:: Source data ::

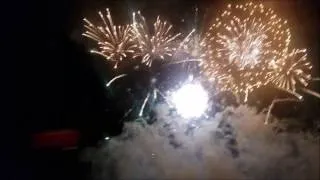 Thumbnail: Walt Disney World Epcot New Years Fireworks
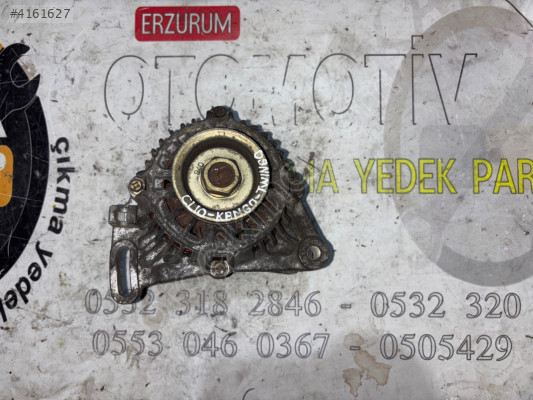 RENAULT CLİO- SYMBOL-KANGOO 1.2 70A Şarj Dinamosu 8200065730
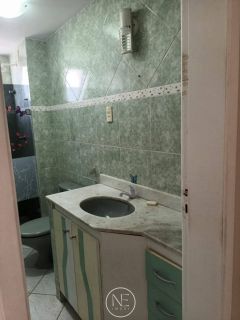 Apartamento disponível no Condomínio Cote D’azur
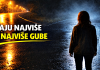 NAJVIŠE DAJU, A NAJVIŠE GUBE – OVIM znakovima NIJE SUĐENA LAKOĆA, VEĆ PATNJA KROZ ŽIVOT i LJUBAV koja uvijek ide krivim putem!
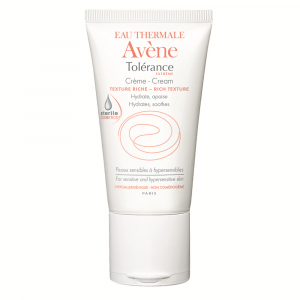 crema pentru ten gras avene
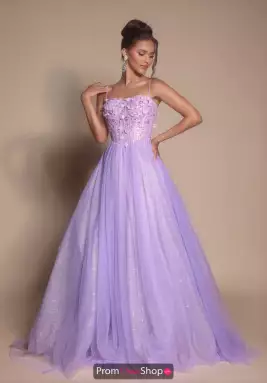 Portia and Scarlett Dress PS26146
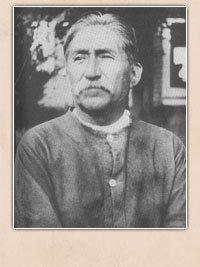 Mushquipetohkos (Eben Quippish or Queppish) Mashpee before 1933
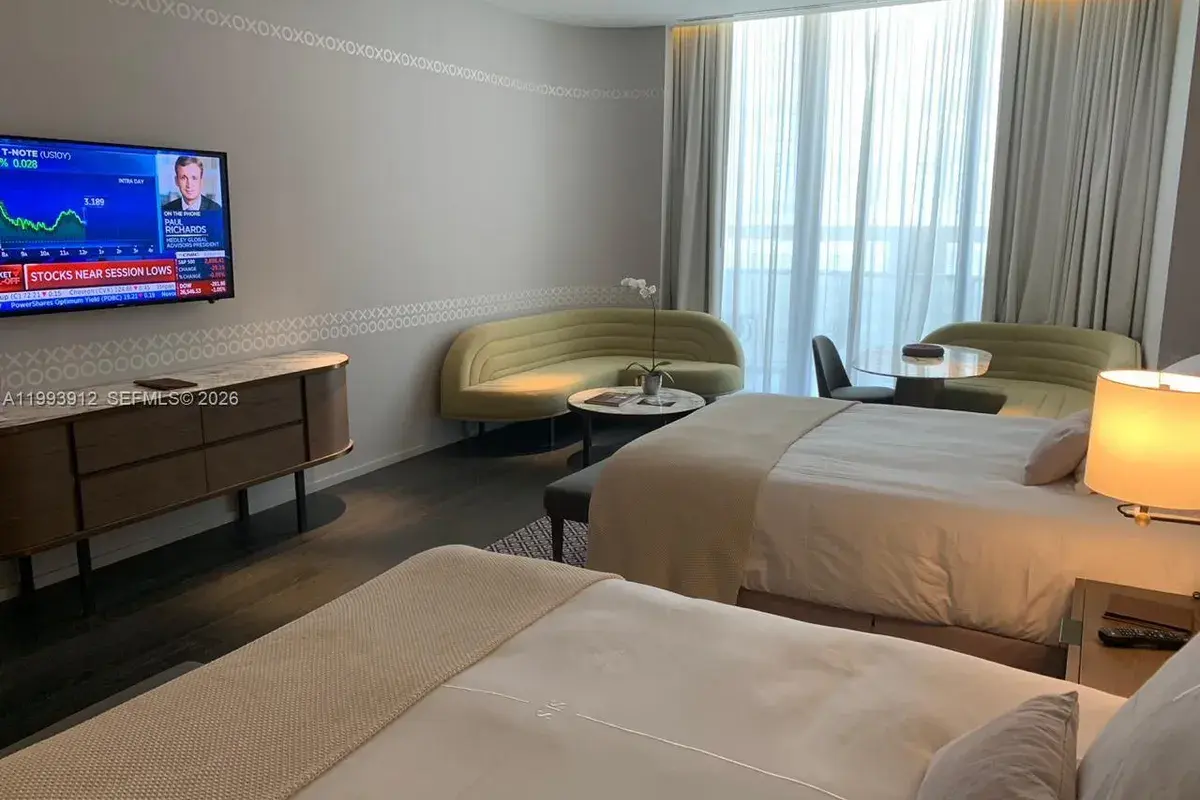 801 S Miami Ave # 412, Miami FL 33131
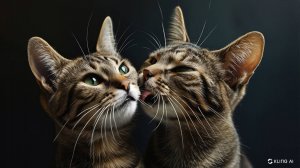 Музыкальный квиз - Поцелуи💋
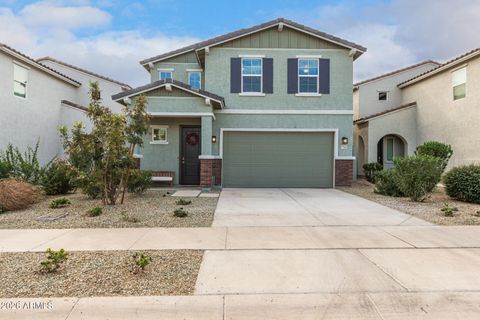 17343 W DALEY Lane Surprise AZ 85387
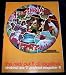 1971 Cincinnati Reds Yearbook Magazine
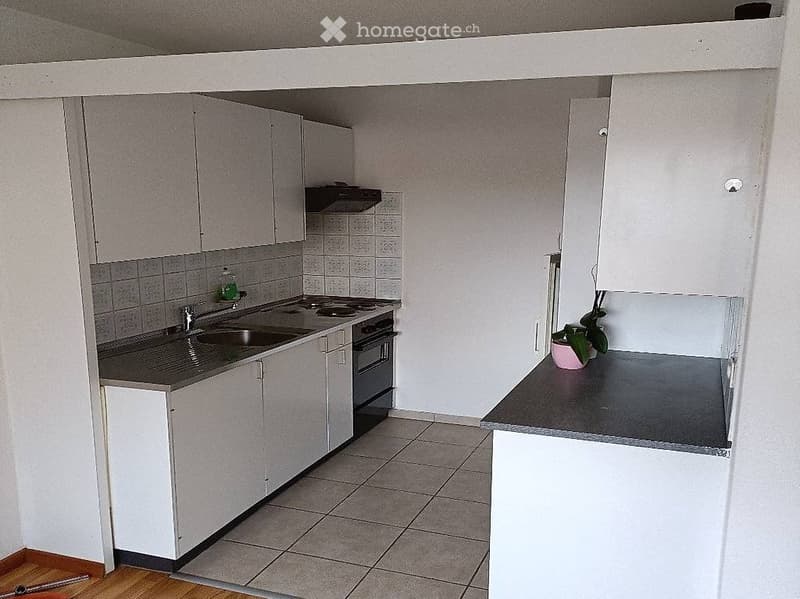 3.5 Zi Wohnung in 2543 Lengnau (2)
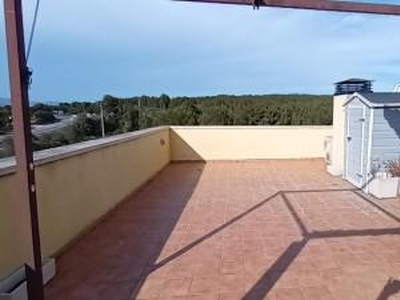 Piso ático en venta en La Muntanyeta - La Franquesa, El Vendrell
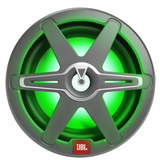 JBL Club Marine 10" Marine Subwoofer with RGB Lighting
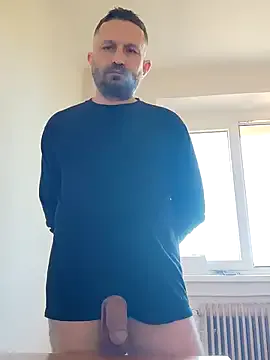 Chokakabraz from StripChat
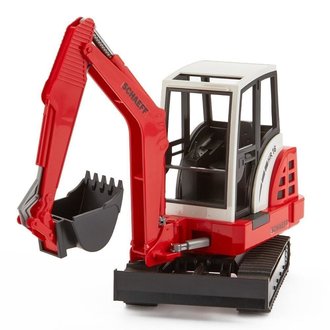 Bruder Bruder Mini Excavator 02432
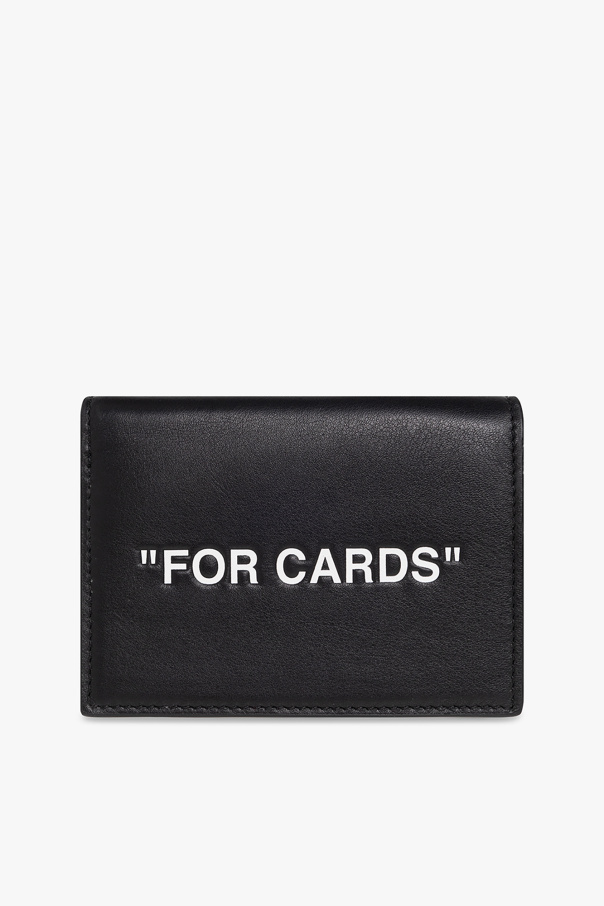 Bifold wallet od Off-White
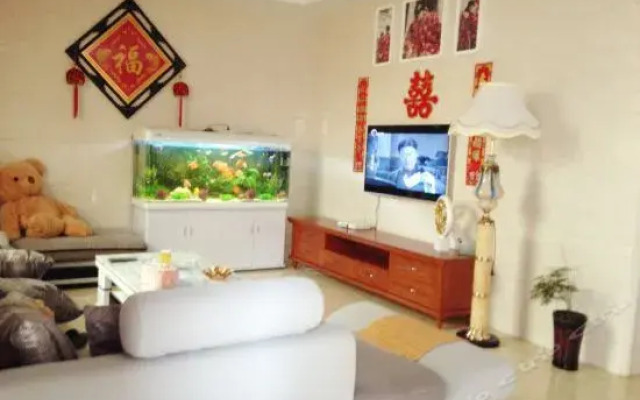 Buddha Inn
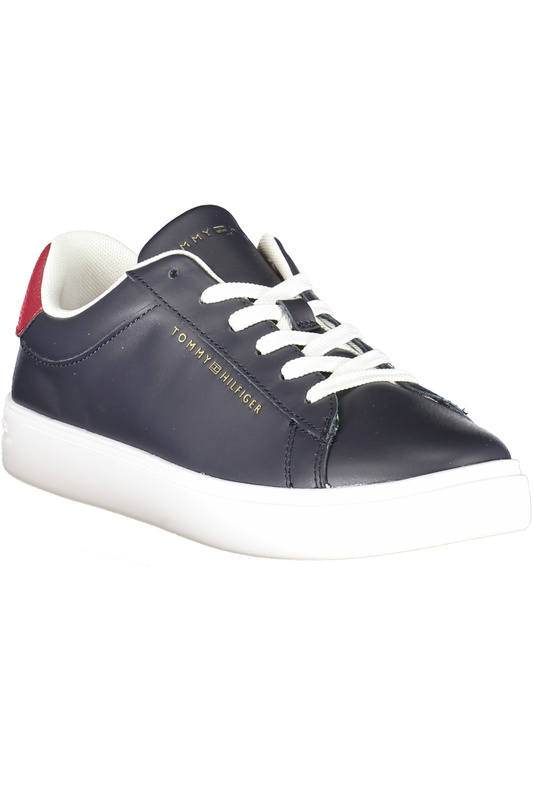 TOMMY HILFIGER DAMSKIE BUTY SPORTOWE NIEBIESKIE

:::

*Instructions to follow:* Return exactly, with no pictures, each line from the one that contains "Chokakabraz from StripChat" through the end of the entries above, both ends included.

*Output of the exercise:*
 Chokakabraz from StripChat
 Bruder Bruder Mini Excavator 02432
 Bifold wallet od Off-White
 Buddha Inn
 TOMMY HILFIGER DAMSKIE BUTY SPORTOWE NIEBIESKIE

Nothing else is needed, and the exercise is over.